The 1000 Souls (Book 2): Generation Apocalypse
Page 28
It became a rout—everyone for themselves, all running through the concourse past the security desk and the elevators and into a dark stairwell. Tevy stopped behind the security desk, his shotgun out as he watched his platoon flee. A man entered the concourse not wearing a white headband. Tevy shot and killed.
“Go, go, go!” he shouted at the stragglers of his platoon.
Now rippers poured in through the broken windows, hideously silhouetted by the harsh light of the flare. Tevy turned for the stairwell, but just after he slammed through the doorway, he tripped over a body. He tried to stand and sprint up, but a hand closed around his ankle and tripped him to the stairs. He had to fling out his hands to prevent a face plant, and he lost his shotgun in the process. He struggled to reach for it as a ripper rushed up his body to pin him down. Breath that stank of blood washed into Tevy’s face, and a guttural voice spoke in his ear. “Fresh meat.”
The ripper grabbed a fistful of Tevy’s hair to pull back his head, but Tevy’s hand had found the Glock, turning it in the holster and firing backwards and up. The ripper screamed and fell back holding a bloody stomach. Tevy tried to rise but now it was a pile on, a half dozen rippers charging in to pin him down.
Others sprinted past him, pursuing his troops up the stairs.
Tevy prayed and struggled. Now he would die. He wouldn’t get to see Kayla again, and that was the greatest loss. The only comfort was that he wouldn’t die a virgin and maybe, just maybe, he had left offspring.
A loud voice shouted even as a ripper placed a knife to Tevy’s throat.
“Wait, wait, wait! We’re supposed to get a prisoner.”
The knife withdrew and Tevy was flipped onto his back.
“Hey, I know this guy. This is the fucking sneak who ran across the ‘L’ way back.”
It was the officer who ordered Tevy to stop at the Wells Street Bridge the day he discovered that Vlad Who Bleeds was now in charge of Chicago. Except the man was human then. Now he had clearly converted, his skin pale and stretched, his eyes slightly bulging.
“Captain.” What else to say? “How’s it hanging?”
The captain had no sense of humor. “Take him to Vlad. No drinking his blood, on pain of impaling. He gets there in one piece.”
Tevy struggled to reach the knife at his belt.

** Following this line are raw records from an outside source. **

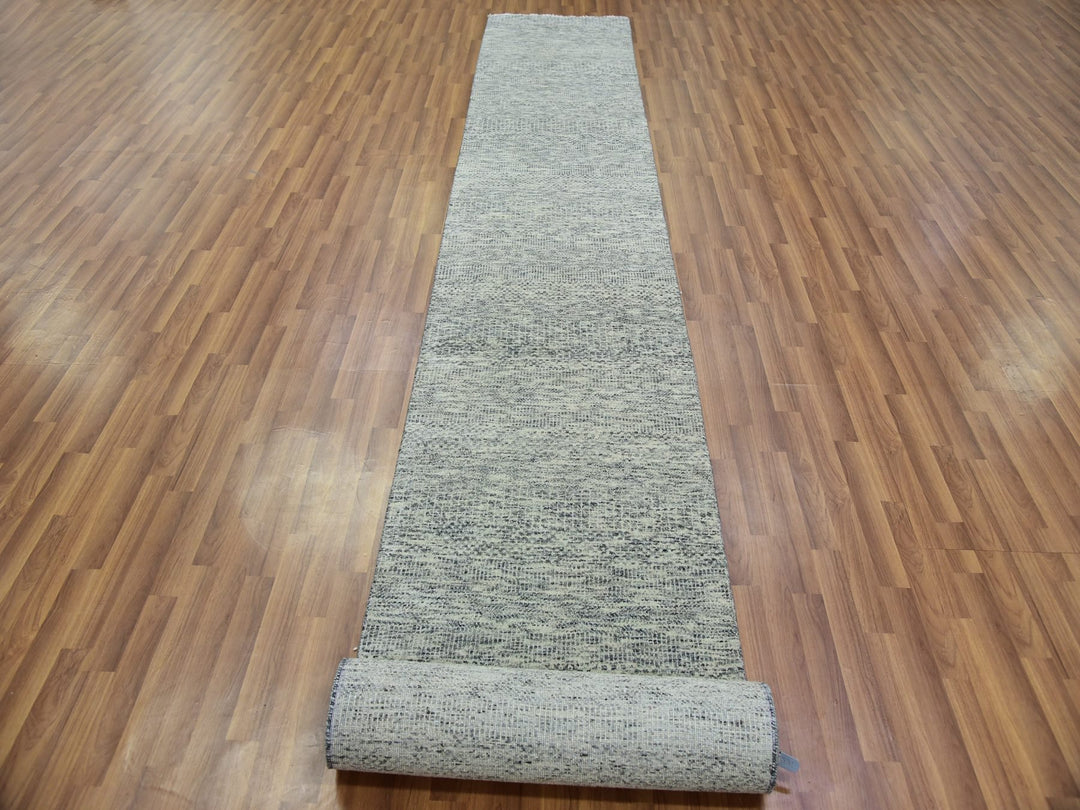 2'6" x 18'5" New Hand Knotted Grey Wool Runner Oriental Rug - MOA10279752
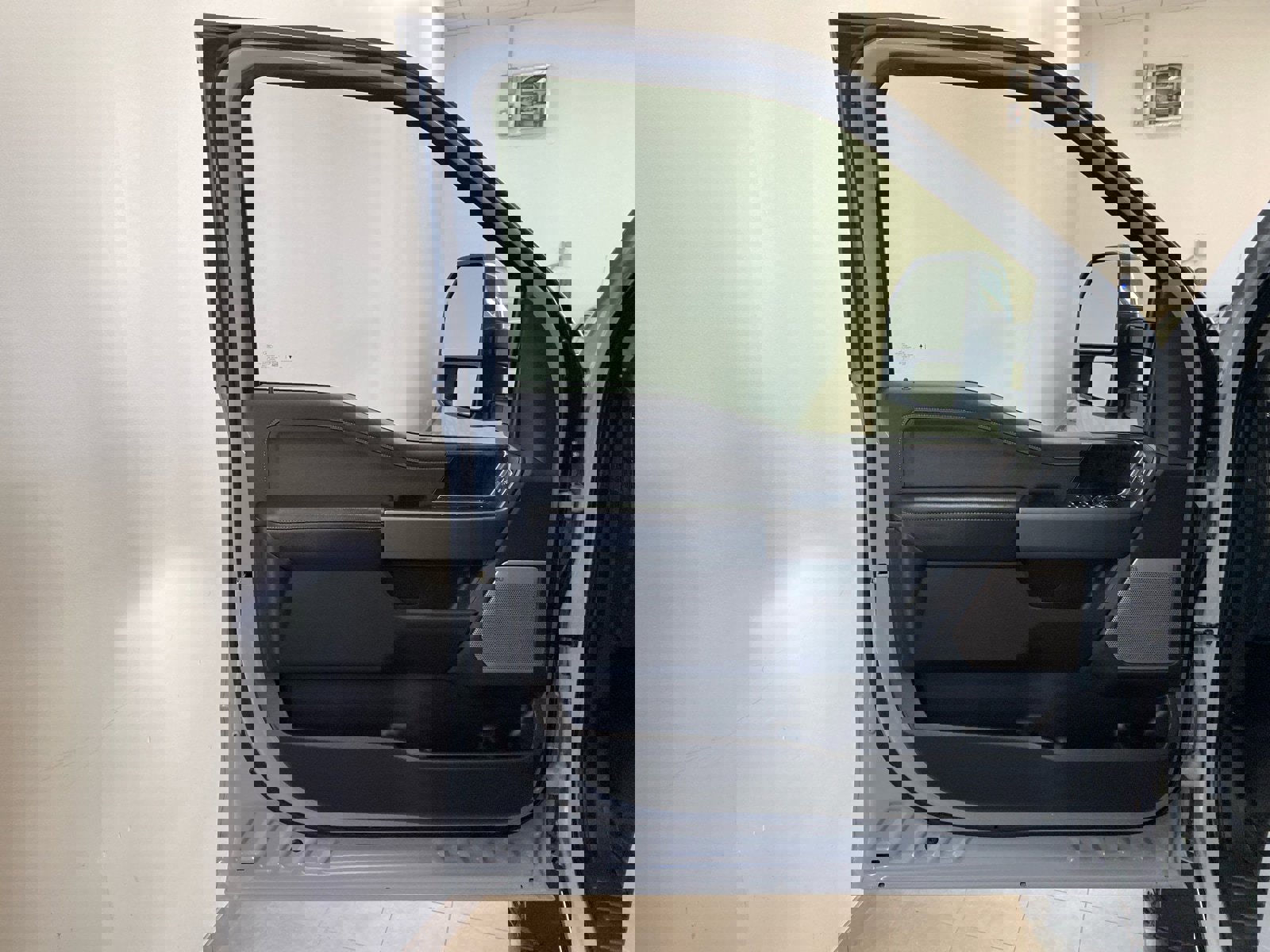 Used 2025 Ford F250 Lariat w/ Lariat Ultimate Package AWD/4WD image 16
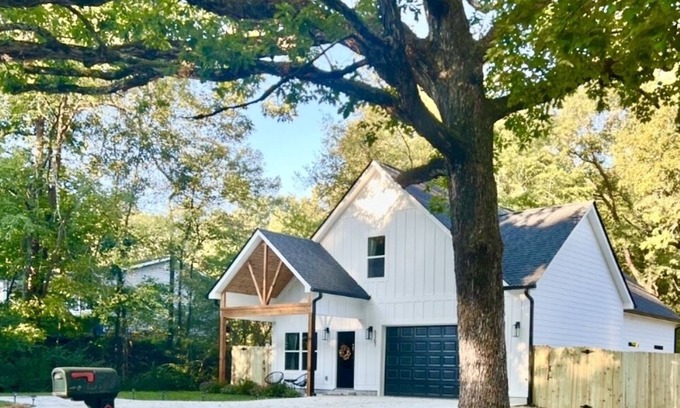 Lupton City House | 10 mins to Downtown Lux House, Hot Tub, Pet Friendly, Fenced Back Yard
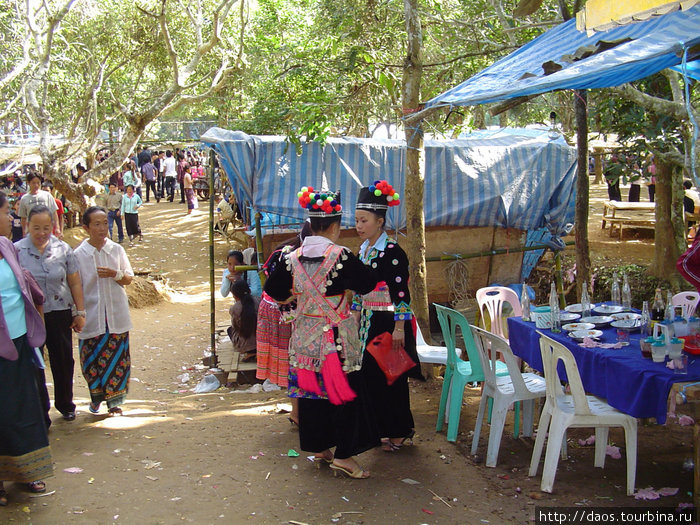 Хмонгский Новый Год - время искать себе невесту Провинция Луангпрабанг, Лаос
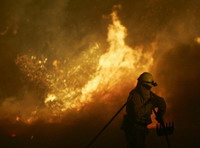 Wildfires in Southern California make Bush sign major disaster declaration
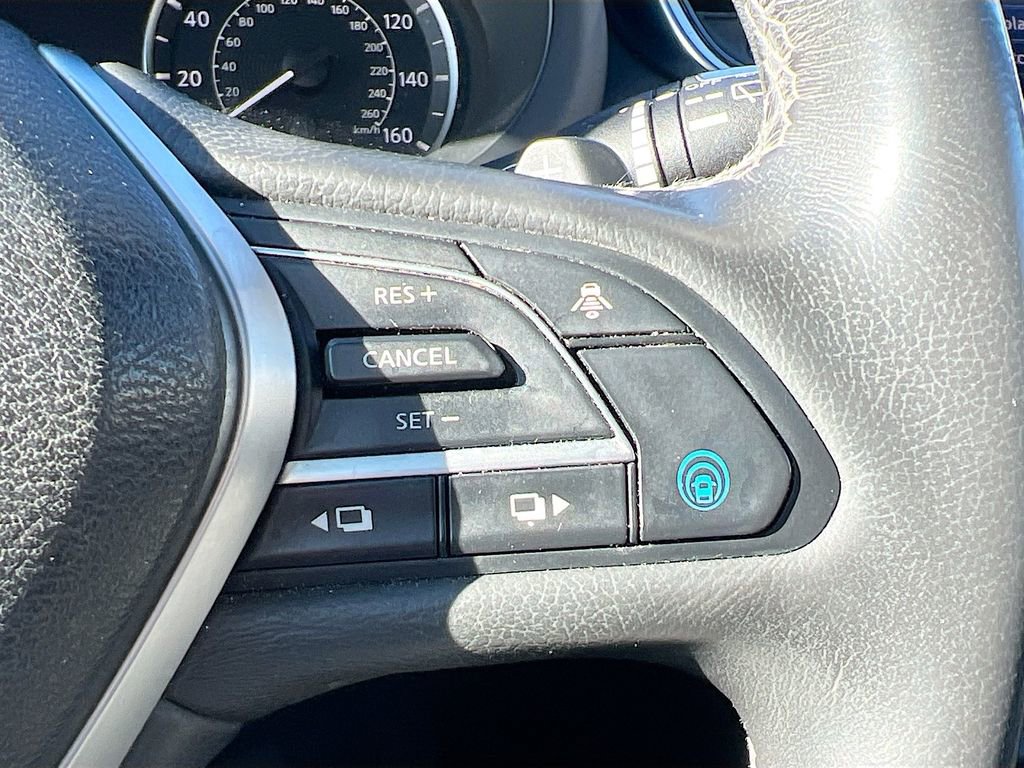 Used 2021 INFINITI QX50 Luxe w/ Appearance Package image 13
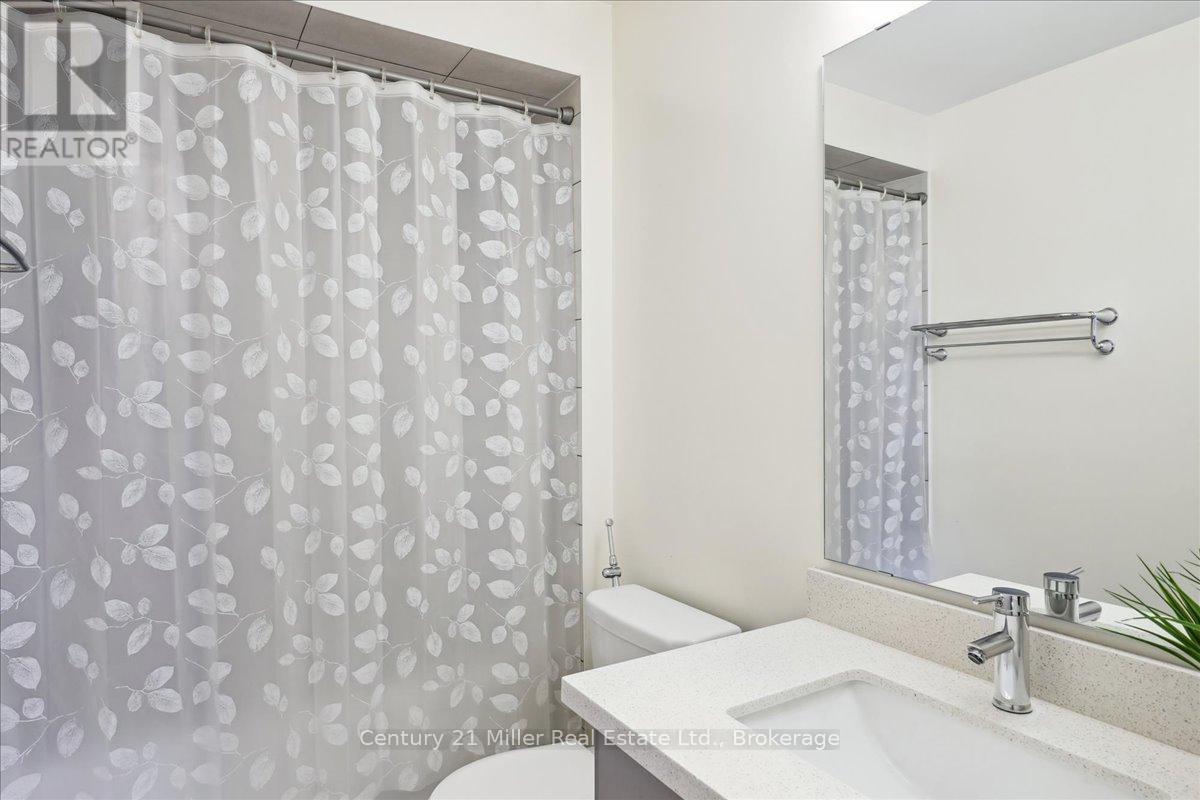 3083 Streamwood Passage, Oakville, Ontario  L6H 0S8 - Photo 23 - W11882786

Someone shoved his head from behind, slamming it into the concrete stairs. Pain. Massive pain and disorientation. His arms and legs wouldn’t respond to commands. Then he was on his feet, dragged vertical by the rippers because he had lost the ability to stand without help. His hands were yanked behind his back and a plastic cable tie encircled his wrists. They marched him south, dazed and bloody, through a city completely controlled by rippers.
Twenty-Six - It All Comes Together
Kayla heard the tanks first, and she knew they could mean the death of her lover. When she heard that Tevy was to lead an assault on the Franklin/Orleans Bridge, she begged Joyce to let her join him, but it was too late. They were already across the river. She had run up the stairs of the Merchandise Mart several floors until she found an open window facing south. The running figures were difficult to see as dusk descended, but she approved when Tevy led them into the office building and back out again, keeping in the best cover possible. When his assault began, it was too dark, only muzzle flashes and explosions told the story.
He had taken out the tanks first, that was good, and Joyce’s fifty cal was now raking the traitor positions on the north side of the bridge, but the rumble of tank treads told Kayla this was all about to fall apart. The first shot from the barrel of a Bradley proved her correct. Tevy would have no choice but the fall back in panic.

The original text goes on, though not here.